Hubby was out do some minor work on the jon boat.I told him to watch out for snakes hideing under the shed in all that junk he stored over the years.

Told him to roll up his britches in his socks so a snake could'nt crawl up there and bit him 15 times before he could get it out.

Now he's affraid to work on boat,he is affraid of snakes. I respect them but don't have that kind of fear.Just the thought of one runnign up his legs was horrifing to him.

I grew up in Stone Mountain Ga with snakes and swam with them in our 10 acre lake.Snakes kill rats and other varmits too.He grew up at the beach in SCarolina.

What wildlife do you have to look out for where you live?


----------



## TheAnt (Jun 7, 2011)

Yeah, I can see how the thought scared him. I dont care for snakes. Here we have lots of black widows, brown recluse, and scorpions too. I got stung by a little scorpion but it only numbed half my hand and a ways up my arm... I was a little worried as I had never been stung by one before. :help:


----------



## kejmack (May 17, 2011)

Fire ants, copperheads, coral snakes, rattle snakes, black widows, brown recluse. I turned over a feed pan the other morning and saw the biggest black widow I had ever seen. My daughter got bitten by a black widow when she was 5 and got very sick. I always shake out my shoes for scorpions. When I lived in Virginia, we had mountain lions.


----------



## Meerkat (May 31, 2011)

TheAnt said:


> Yeah, I can see how the thought scared him. I dont care for snakes. Here we have lots of black widows, brown recluse, and scorpions too. I got stung by a little scorpion but it only numbed half my hand and a ways up my arm... I was a little worried as I had never been stung by one before. :help:


 Brown recluse is a bad spider!They can do a lot of damage to you.I've already had 2 run across my legs this week.Slept with the lights on.Scorpions scare me more than spiders though.One crawled on my foot when I was a kid and stung the fire out of me.We have them here too but not nearly as big as the ones in Stone Mountain were.One stung me on the finger here a few years ago,it was numb for a few hours.

Some people have to deal with grizzlys ,that would be terrible for me.We have black bears here and a few panthers but no really dangerous large animals.


----------



## Meerkat (May 31, 2011)

kejmack said:


> Fire ants, copperheads, coral snakes, rattle snakes, black widows, brown recluse. I turned over a feed pan the other morning and saw the biggest black widow I had ever seen. My daughter got bitten by a black widow when she was 5 and got very sick. I always shake out my shoes for scorpions. When I lived in Virginia, we had mountain lions.

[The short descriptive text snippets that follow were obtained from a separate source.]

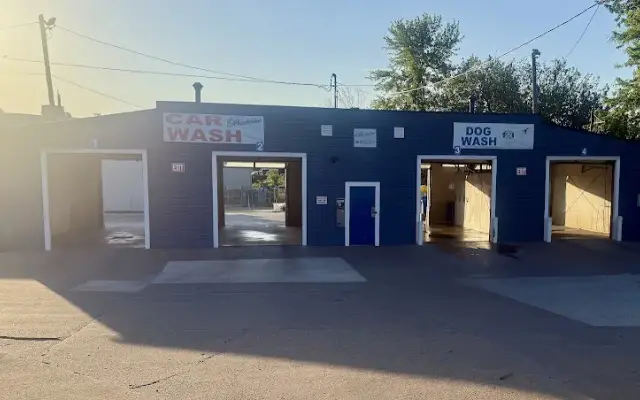 Bubbles Car and Dog Wash in Davenport, IA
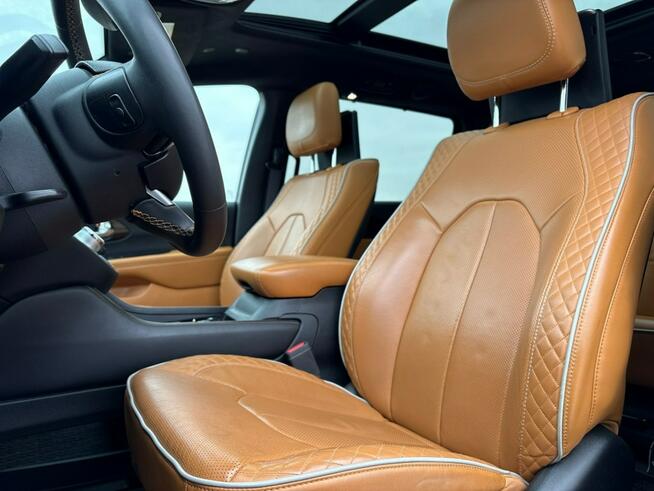 Chrysler Pacifica Pinnacle / Aktywny tempomat / / Panorama / Asystent pasa / FV marża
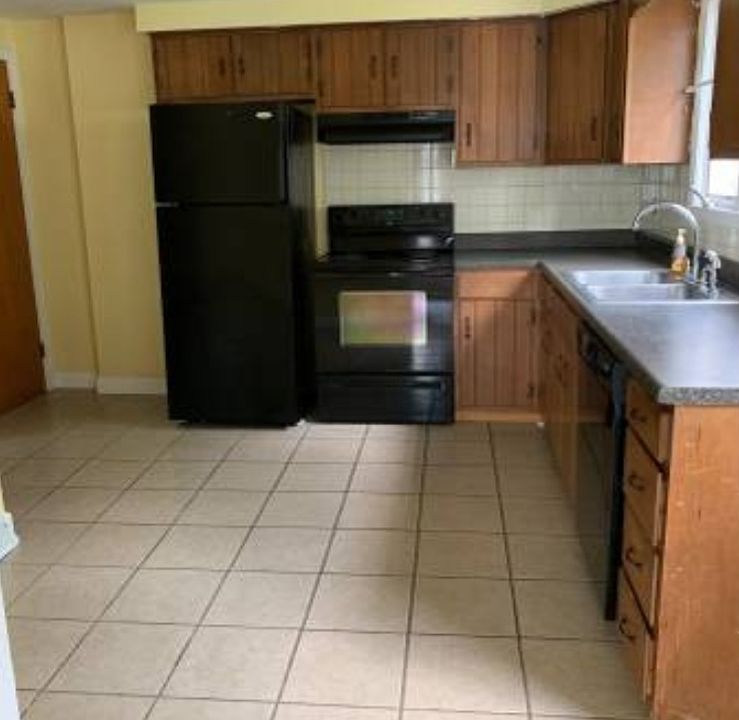 1st image of 119 Glenhaven Dr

 FIRE ANTS! I can't stand them.They will all get on you without you knowing it, then one must signal the others to all bite you at once!.


----------



## kyhoti (Nov 16, 2008)

Fire ants top my list on immediate threat, as they are relentless. I have found several baby snakes of late, and while I couldn't ID them, I am close enough to water to have to worry about copperheads and water moccasins. The next most dangerous critters in my AO are of the human variety.


----------



## power (May 7, 2011)

I don't worry much about animals, insects, or much else. Most will not bother you if you don't bother them. Most are easily avoided. Most do more good then they do bad. And most are not able to do much permament damage.
Now people are a completely different thing.


----------



## lotsoflead (Jul 25, 2010)

black bears have over run the area, they always seem to go the other way, but it's just a matter of time til someone accidently gets between them and their cubs or their food.Weekends are the worst, people up in the village have to put their garbage out for monday morn pick up and it's like a smorgus board for them, some of those idiots complain if a dog in loose with no tags, but they think the bears are cute, but one day, they won't be so cute,they'll find out the difference between a cute black bear and an old yellow lab.


----------



## Jimmy24 (Apr 20, 2011)

Eastern Diamondback, Water Moccasin, Copperhead snakes.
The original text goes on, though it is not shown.